◆ **EXERCISE GOAL**
Nothing but the lines from the one containing "are health increase." to the end of the data should be copied, exactly, and the pictures stay out.

### PROVIDED MATERIAL

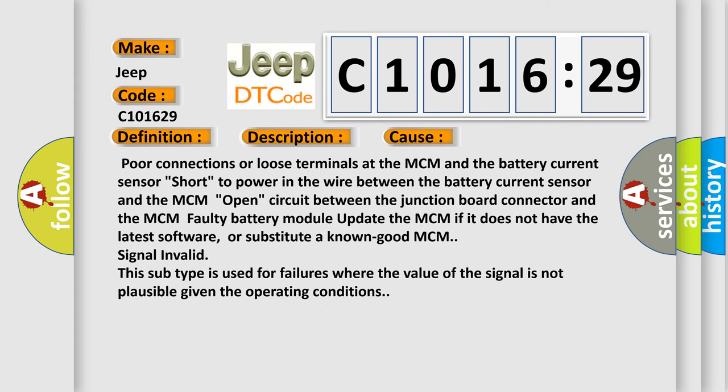This diagnostic error occurs most often in these cases: poor connections or loose terminals at the MCM and the battery current sensor, short to power in the wire between the battery current sensor and the MCM, open circuit between the junction board connector and the MCM, faulty battery module. Update the MCM if it does not have the latest software or substitute a known good MCM.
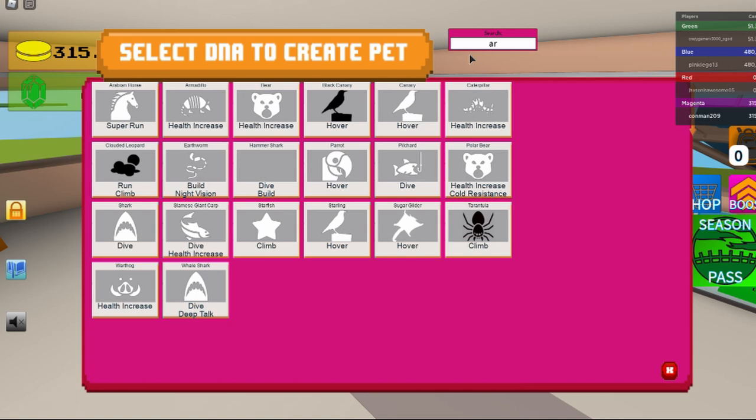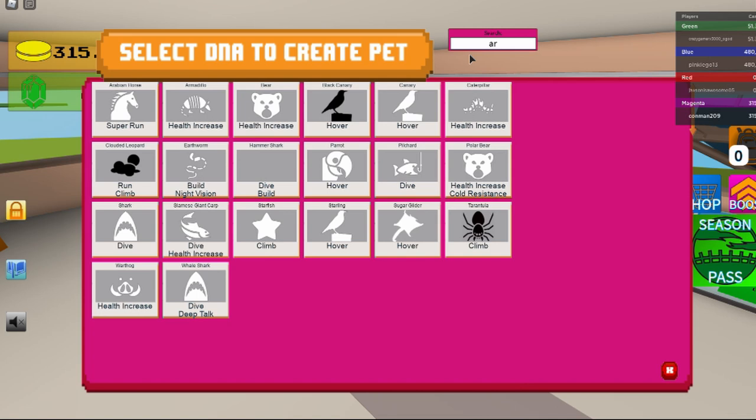are health increase. Thank you guys for watching. Please subscribe and like this video. See you next video.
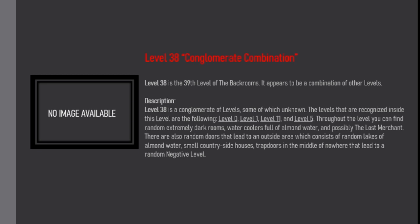and Level 5. Throughout the level you can find random extremely dark rooms, water coolers full of almond water, and possibly the Lost Merchant.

######

◆ **RESPONSE**
are health increase. Thank you guys for watching. Please subscribe and like this video. See you next video.
and Level 5. Throughout the level you can find random extremely dark rooms, water coolers full of almond water, and possibly the Lost Merchant.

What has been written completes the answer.